Evergreen Marine posts third straight loss on container rates

By YU-HUAY SUN
September 1, 2009, 3:07pm

Sept. 1 (Bloomberg) – Evergreen Marine Corp., Asia’s biggest container line, posted a third straight quarterly loss as slumping world trade hammered shipping rates.

The NT$1.98 billion ($60 million) net loss in the three months ended June compared with a profit of NT$829 million a year earlier. The number was derived from first-half results announced by the Taipei-based company today. The figure beat the median estimate for a NT$3.39 billion loss in a survey of five analysts.

Evergreen, Hanjin Shipping Co. and China Shipping Container Lines Co. have slumped to losses this year as U.S. and European consumers cut spending on Asian-made goods because of job concerns. At the same time, the global container fleet will likely expand 9.8 percent in 2009, according to data provider AXS-Alphaliner, as shipyards deliver vessels ordered during a trade boom that ended last year.

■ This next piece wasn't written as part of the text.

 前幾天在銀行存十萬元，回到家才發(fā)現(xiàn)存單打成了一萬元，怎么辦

“There’s just too many new ships coming,” said Stone Lin, a Taipei-based analyst at Yuanta Securities Co., who has a “sell” rating on Evergreen. “Overcapacity will continue to be a problem next year.”

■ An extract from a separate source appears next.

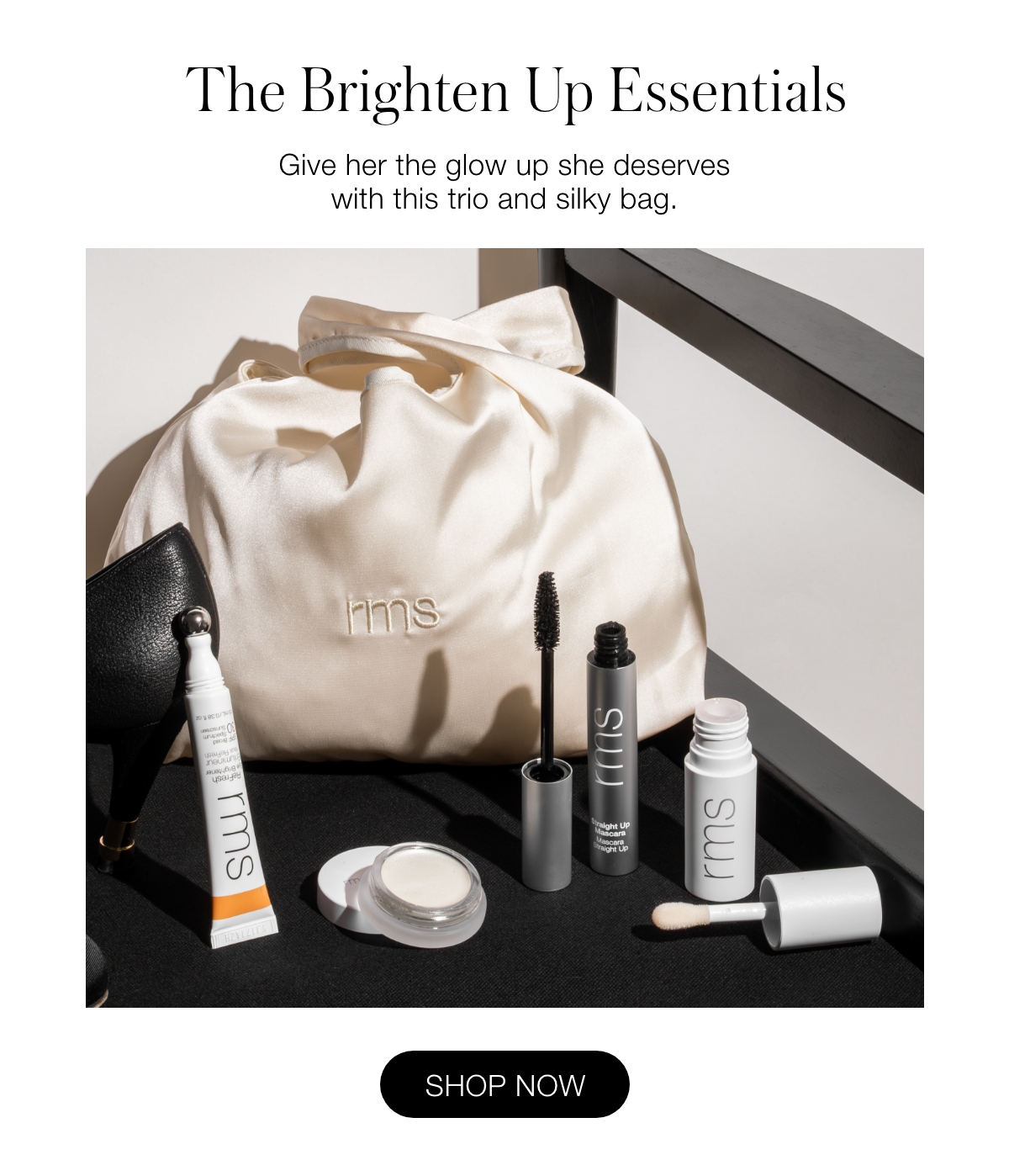 Shop The Brighten Up Essentials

Evergreen’s second-quarter sales plunged 28 percent to NT$4.09 billion, according to monthly filings to the Taiwan Stock Exchange. Revenue from affiliates and subsidiaries is counted separately. The group operates about 170 ships with a combined capacity of 615,000 standard 20-foot boxes.

The shipping line fell 0.5 percent to close at NT$19.9 in Taiwan Stock Exchange trading today, before the announcement. The stock has climbed 29 percent this year, compared with the 49 percent gain in the benchmark Taiex stock index.

First-Half Loss For the first half, Evergreen Marine posted a loss of NT$4.71 billion, compared with a profit of NT$1.2 billion a year earlier, the company said in a Stock Exchange filing today.

Evergreen and 13 other shipping lines agreed to attempt to renegotiate Asia-U.S. shipping contracts to include higher rates from earlier this month in a bid to pare losses. Average revenue per forty-foot container sank as much as $1,200 from October to May on the route, according to the Transpacific Stabilization Agreement, which represents the lines.

Container lines have also mothballed ships and combined routes to cut capacity in an attempt to increase rates. Global trade may shrink 10 percent this year, the most since World War II, according to the World Trade Organization.